Era bruciato dallo stress.
«L’altra sera ero a cena con un amico pilota e ho subito avanzato l’ipotesi della sindrome di burnout per spiegare la dinamica dell’incidente aereo », confida Claudio Mencacci, direttore delle Neuroscienze del Fatebenefratelli di Milano.
Che cos’è la sindrome di burnout?
«È il “bruciarsi” tipico di professioni in cui le performance sono importanti, in cui lo stress può diventare deleterio in presenza di personalità predisposte o che mascherano tendenze depressive. Accade così che via via questi soggetti “brucino” le risorse che hanno a disposizione. Risorse cognitive, affettive, relazionali. Diventano indifferenti, apatici. Addirittura cinici se svolgono professioni di aiuto».
Quindi è possibile individuare per tempo questi soggetti?
«Sì. Nel caso in questione poi il profilo di personalità del copilota era già emerso quando a 21 anni ebbe episodi che ne rallentarono l’addestramento. Già burnout».
Ma da qui a un suicidio omicidio di massa ce ne corre.
Come è possibile?
«Intanto occorre premettere che la professione di pilota richiede capacità psicofisiche molto elevate per i livelli di performance richiesti dalle responsabilità, i continui cambi di ritmo sonno-veglia e di fusi orari. Non solo. Anche nei legami affettivi e di amicizia si possono creare tensioni dovute alle continue assenze. Questo giovane copilota poi aveva avuto risultati estremamente brillanti dopo il primo burnout e quindi è ipotizzabile un effetto “rimbalzo”. Per proteggere queste personalità occorre una rete di affetti e amicizie che fanno da scudo a situazioni di forte stress e abbassamento dell’umore. Ma questi soggetti a un certo punto tendono a chiudersi, a restringere sempre più la loro coscienza fino a pianificare la morte come liberazione.

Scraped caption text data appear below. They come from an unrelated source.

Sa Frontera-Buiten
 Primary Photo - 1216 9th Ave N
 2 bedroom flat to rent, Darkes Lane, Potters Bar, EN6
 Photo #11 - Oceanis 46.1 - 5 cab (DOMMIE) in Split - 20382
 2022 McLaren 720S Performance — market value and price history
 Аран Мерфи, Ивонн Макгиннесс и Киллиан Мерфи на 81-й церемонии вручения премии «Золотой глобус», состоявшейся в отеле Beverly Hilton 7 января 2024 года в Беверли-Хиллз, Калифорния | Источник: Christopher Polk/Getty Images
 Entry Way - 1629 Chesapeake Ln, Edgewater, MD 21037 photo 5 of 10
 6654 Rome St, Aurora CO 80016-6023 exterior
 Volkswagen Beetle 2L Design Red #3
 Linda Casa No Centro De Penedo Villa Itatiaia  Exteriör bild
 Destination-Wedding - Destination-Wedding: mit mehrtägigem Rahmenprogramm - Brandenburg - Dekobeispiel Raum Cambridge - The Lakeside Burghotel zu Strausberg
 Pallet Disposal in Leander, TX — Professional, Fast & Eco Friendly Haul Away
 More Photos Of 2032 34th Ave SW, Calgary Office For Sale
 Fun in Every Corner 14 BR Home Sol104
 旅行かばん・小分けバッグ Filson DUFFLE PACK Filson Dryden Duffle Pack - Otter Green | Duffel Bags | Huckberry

La progettano e aspettano il momento opportuno.
Hanno il dito sul grilletto e il colpo in canna. In attesa di uscire dal tunnel eliminando del tutto la loro coscienza. A quel punto lui vedeva solo l’uscita dal tunnel, le 150 persone con lui non esistevano proprio. Non c’erano».
Il momento opportuno? Quale?
«Quando il pilota è uscito dalla cabina. È lì che il dito ha premuto il grilletto».
La compagnia aerea non doveva intercettare prima una tale personalità? «I controlli sui piloti ci sono e sono rigidi. Forse dovrebbero stare più attenti agli aspetti di salute mentale al momento delle selezioni. Comunque incidenti del genere sono rarissimi. Ma ci sono. Se ne contano quattro negli ultimi 20-25 anni,
compreso questo. Rari, quindi, ma il punto è che dovrebbero essere zero».